Un nouveau projet sur le capital humain sera dévoilé en octobre  prochain

 

Pour inciter les pays à focaliser durablement et prioritairement sur  l’investissement dans les êtres humains, le Groupe de la Banque mondiale a  initié un projet sur le capital humain. Le projet en question permettra aux pays d’agir sur plusieurs leviers: la  mobilisation des ressources et des dépenses plus efficaces, l’alignement  des politiques sur des investissements axés sur les résultats et le  comblement des lacunes en termes de mesure et d’analyse, précise le  rapport. "Les gouvernements manifestent déjà leur intérêt pour optimiser  l’évolution de leur capital humain", assurent du Groupe de la Banque  mondiale, en affirmait que les ses prochaines Assemblées annuelles, prévues  en octobre, seront l’occasion d’évoquer les résultats de stratégies mises  en oeuvre, avec son soutien, dans un premier groupe de pays soucieux de  renforcer leurs ressources humaines.

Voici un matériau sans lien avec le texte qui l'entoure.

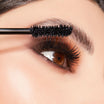 full-volume-lash-mascara_MODELLA2
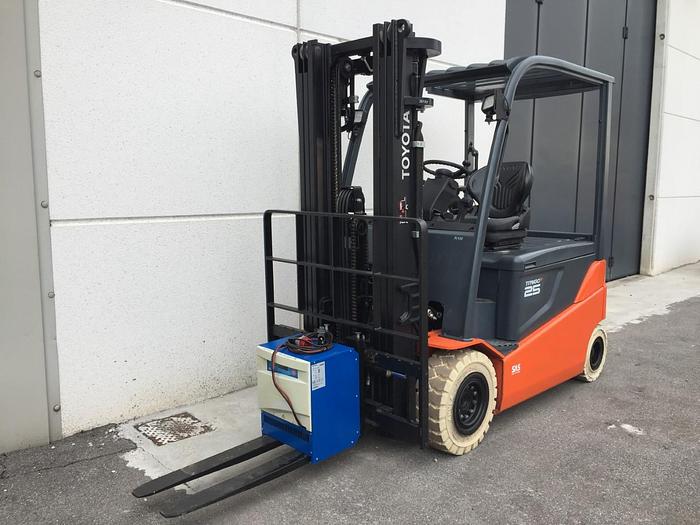 Used 2013 TOYOTA 8FBMT 25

Quant au nouvel indice du capital humain, qui sera dévoilé lors de ces  mêmes Assemblées, il mesurera l’état de santé des enfants, des adolescents  et des adultes ainsi que la qualité et la durée de l’éducation. "Ces  données permettront d’engager dans chaque pays un débat, initié par les  plus hauts responsables gouvernementaux, sur les conditions à réunir pour  réussir demain", a souligné le président du Groupe de la banque mondiale. "Le projet sur le capital humain devrait contribuer à l’avènement d’un  monde où chaque enfant peut entamer son parcours scolaire le ventre plein  et avec tous les atouts en main, peut espérer acquérir une instruction  digne de ce nom et peut arriver sur le marché du travail en bonne santé et  en possédant les qualités requises pour mener une vie adulte productive", a  conclu le même rapport.